Tuttavia, l'abbondanza di fotografie
post mortem che ritraggono soggetti di cui si conservano numerosi
altri scatti (ottenuti quando questi erano in vita), non permette di
affrettare conclusioni. Alcuni recenti studi tendono a dimostrare che
l'usanza vada ricondotta a più antiche e radicate pratiche di
tanatometamorfosi (trattamento delle spoglie). In questo caso, esse
rappresenterebbero una sorta di mummificazione visiva, dove la
sembianza di vita sia resa necessaria per esprimere lo stato di
salute dello spirito del defunto.
La successiva invenzione delle carte da
visite, cioè delle foto ritratto che consentivano di stampare più
copie da un unico negativo, permise che le immagini fossero inviate
ai parenti in ricordo dei defunti.
L'evoluzione dello stile
Le prime foto post mortem raffiguravano
solamente il viso o il busto ma raramente includevano la bara.

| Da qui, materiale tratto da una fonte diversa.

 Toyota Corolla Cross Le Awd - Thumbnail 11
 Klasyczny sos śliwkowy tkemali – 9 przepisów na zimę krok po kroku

Nel
periodo dal 1840 al 1860 era di uso posizionare il cadavere in un
divano, con gli occhi chiusi e la testa appoggiata a un cuscino, in
modo da sembrare addormentato in un sonno profondo.
Negli anni a seguire si iniziò a
rappresentare i cadaveri come se fossero in vita, seduti sulle sedie
e con gli occhi aperti; i bambini, invece, sono spesso mostrati
mentre riposano su un divano o in una culla, a volte con un
giocattolo preferito o con degli animali domestici. I bambini molto
piccoli venivano sovente fotografati nelle braccia della madre.
L'effetto della vita a volte è stato rafforzato aprendo gli occhi o
dipingendoli sulle palpebre e le guance del cadavere venivano
talvolta dipinte di rosa in seguito.
Successivamente le foto post mortem si
limitarono solamente a mostrare il soggetto in una bara, tralasciando
la componente realistica della foto.
Questo tipo di fotografia è ancora
praticata in alcune regioni del mondo, come l'Europa orientale e più
in generale tra i fedeli delle chiese europee orientali sono diffuse
foto di santi situati nelle loro bare. Ancora oggi nei cimiteri è
possibile vedere questo genere di foto: esse ritraggono generalmente
bambini morti pochi giorni dopo il parto.